- Born: Kadriana Sahaidak May 12, 1999 (age 27) Selkirk, Manitoba

Team
- Curling club: Gimli CC, Gimli, MB Winnipeg Beach CC, Winnipeg Beach, MB
- Skip: Nancy Martin
- Third: Chaelynn Stewart
- Second: Kadriana Lott
- Lead: Makenna Hadway
- Mixed doubles partner: Colton Lott

Curling career
- Member Association: Manitoba (2018–2024) Saskatchewan (2024–present)
- Hearts appearances: 1 (2025)
- World Mixed Doubles Championship appearances: 2 (2024, 2026)
- Top CTRS ranking: 16th (2024–25)

Medal record
Curling
Representing Canada
World Mixed Doubles Championship
| Bronze medal – third place | 2026 Geneva |  |
Representing Manitoba
Canadian Mixed Doubles Championship
| Gold medal – first place | 2024 Fredericton |  |
| Gold medal – first place | 2025 Summerside |  |
| Silver medal – second place | 2018 Leduc |  |
| Silver medal – second place | 2021 Calgary |  |
| Bronze medal – third place | 2019 Fredericton |  |

= Kadriana Lott =

Canadian curler (born 1999)

Kadriana Lott (born May 12, 1999 as Kadriana Sahaidak) is a Canadian curler from Gimli, Manitoba. She is best known for playing mixed doubles curling with partner Colton Lott, who she has won four medals with at the Canadian Mixed Doubles Curling Championship. She also plays second on Team Nancy Martin in women's curling.

==Career==

===Mixed doubles===
Lott has found success in mixed doubles with husband Colton Lott. Their first competitive event was the 2018 Manitoba Mixed Doubles Curling Championship, which they won, giving them a berth in the 2018 Canadian Mixed Doubles Curling Championship. The duo was the youngest in the tournament, and the only to go undefeated through the round robin. However, they lost the final 8–7 to Laura Crocker and Kirk Muyres.

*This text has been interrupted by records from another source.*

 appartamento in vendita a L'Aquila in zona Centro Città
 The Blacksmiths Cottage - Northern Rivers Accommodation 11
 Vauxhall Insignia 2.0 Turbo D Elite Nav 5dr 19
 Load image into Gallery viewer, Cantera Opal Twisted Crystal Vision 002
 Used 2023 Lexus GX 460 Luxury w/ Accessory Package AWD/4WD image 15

Lott and her husband were chosen as Canada's representative at the Third Leg of the 2018–19 Curling World Cup. They won the event, gaining an entry to the Grand Final. At the 2019 Canadians, the pair made it to the semi-finals, which they lost 7–6. Lott and her husband won the 2024 Canadian Mixed Doubles Curling Championship, and represented Canada at the 2024 World Mixed Doubles Curling Championship. At the Worlds, the team finished 8–1 after round robin play, but lost to Estonia's Marie Kaldvee and Harri Lill in the Qualification Round, finishing 5th.

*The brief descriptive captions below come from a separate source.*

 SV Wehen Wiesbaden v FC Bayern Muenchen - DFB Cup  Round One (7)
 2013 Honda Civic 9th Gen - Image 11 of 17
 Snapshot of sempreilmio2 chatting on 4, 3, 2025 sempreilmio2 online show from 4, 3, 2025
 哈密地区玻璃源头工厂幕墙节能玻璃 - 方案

By virtue of their 2024 Canadian Championship title, Lott and Lott qualified for the 2025 Canadian Mixed Doubles Curling Olympic Trials, where the team had a disappointing 4–3 record, missing the playoffs. However, they would rebound by winning the 2025 Canadian Mixed Doubles Curling Championship over Marlee Powers and Luke Saunders 9–8 in the final, qualifying them to represent Canada at the 2026 World Mixed Doubles Curling Championship. There, they would finish round robin play with an 8–1 record, winning their pool and earning a spot in the semifinals. After losing to Sweden in the semifinals, they would rebound to win bronze, beating Italy's Stefania Constantini and Amos Mosaner 11–3 in the bronze medal game.

==Personal life==
Lott works as an optometric assistant at Oakley Vision Centre. She married mixed doubles partner Colton Lott in August 2022.